**WHAT YOU ARE ASKED TO DO:** Set down exactly, from the records below, the line with "NEW MyLab Psychology" through the line with "HSL 32 1 Ornament - Oval", and nothing else.

--

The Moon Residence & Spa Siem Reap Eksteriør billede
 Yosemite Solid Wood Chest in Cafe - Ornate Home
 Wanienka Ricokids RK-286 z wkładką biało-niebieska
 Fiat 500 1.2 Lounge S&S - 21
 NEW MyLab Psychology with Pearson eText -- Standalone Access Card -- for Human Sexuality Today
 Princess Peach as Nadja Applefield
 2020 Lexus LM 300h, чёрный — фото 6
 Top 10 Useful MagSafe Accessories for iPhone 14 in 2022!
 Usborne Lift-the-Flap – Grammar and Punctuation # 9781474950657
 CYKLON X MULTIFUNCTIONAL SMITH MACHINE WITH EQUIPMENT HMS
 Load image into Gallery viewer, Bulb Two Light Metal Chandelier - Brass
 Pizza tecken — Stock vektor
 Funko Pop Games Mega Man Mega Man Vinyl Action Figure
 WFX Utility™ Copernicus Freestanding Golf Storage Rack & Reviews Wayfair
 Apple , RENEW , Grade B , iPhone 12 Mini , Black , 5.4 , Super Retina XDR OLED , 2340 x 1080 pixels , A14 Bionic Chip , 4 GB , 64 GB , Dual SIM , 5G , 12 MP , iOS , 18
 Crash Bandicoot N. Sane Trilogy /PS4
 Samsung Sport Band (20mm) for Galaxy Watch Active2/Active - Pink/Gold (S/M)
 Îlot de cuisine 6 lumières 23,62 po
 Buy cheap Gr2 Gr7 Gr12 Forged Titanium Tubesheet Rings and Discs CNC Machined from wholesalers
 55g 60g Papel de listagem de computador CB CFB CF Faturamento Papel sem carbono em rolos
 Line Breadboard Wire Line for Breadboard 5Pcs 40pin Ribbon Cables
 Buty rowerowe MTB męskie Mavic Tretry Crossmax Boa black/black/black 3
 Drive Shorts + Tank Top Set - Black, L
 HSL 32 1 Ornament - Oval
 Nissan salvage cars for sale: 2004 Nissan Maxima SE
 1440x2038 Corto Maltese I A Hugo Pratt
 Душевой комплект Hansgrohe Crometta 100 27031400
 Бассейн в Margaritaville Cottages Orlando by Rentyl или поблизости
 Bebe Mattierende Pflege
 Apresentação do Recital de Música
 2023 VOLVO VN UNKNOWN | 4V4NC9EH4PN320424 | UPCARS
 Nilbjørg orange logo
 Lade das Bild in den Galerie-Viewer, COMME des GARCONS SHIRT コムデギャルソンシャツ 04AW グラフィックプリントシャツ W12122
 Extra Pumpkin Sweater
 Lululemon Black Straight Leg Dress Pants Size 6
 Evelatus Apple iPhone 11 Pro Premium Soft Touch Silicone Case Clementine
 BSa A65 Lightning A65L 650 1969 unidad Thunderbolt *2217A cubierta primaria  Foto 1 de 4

--

**PROBLEM SOLUTION:**
 NEW MyLab Psychology with Pearson eText -- Standalone Access Card -- for Human Sexuality Today
 Princess Peach as Nadja Applefield
 2020 Lexus LM 300h, чёрный — фото 6
 Top 10 Useful MagSafe Accessories for iPhone 14 in 2022!
 Usborne Lift-the-Flap – Grammar and Punctuation # 9781474950657
 CYKLON X MULTIFUNCTIONAL SMITH MACHINE WITH EQUIPMENT HMS
 Load image into Gallery viewer, Bulb Two Light Metal Chandelier - Brass
 Pizza tecken — Stock vektor
 Funko Pop Games Mega Man Mega Man Vinyl Action Figure
 WFX Utility™ Copernicus Freestanding Golf Storage Rack & Reviews Wayfair
 Apple , RENEW , Grade B , iPhone 12 Mini , Black , 5.4 , Super Retina XDR OLED , 2340 x 1080 pixels , A14 Bionic Chip , 4 GB , 64 GB , Dual SIM , 5G , 12 MP , iOS , 18
 Crash Bandicoot N. Sane Trilogy /PS4
 Samsung Sport Band (20mm) for Galaxy Watch Active2/Active - Pink/Gold (S/M)
 Îlot de cuisine 6 lumières 23,62 po
 Buy cheap Gr2 Gr7 Gr12 Forged Titanium Tubesheet Rings and Discs CNC Machined from wholesalers
 55g 60g Papel de listagem de computador CB CFB CF Faturamento Papel sem carbono em rolos
 Line Breadboard Wire Line for Breadboard 5Pcs 40pin Ribbon Cables
 Buty rowerowe MTB męskie Mavic Tretry Crossmax Boa black/black/black 3
 Drive Shorts + Tank Top Set - Black, L
 HSL 32 1 Ornament - Oval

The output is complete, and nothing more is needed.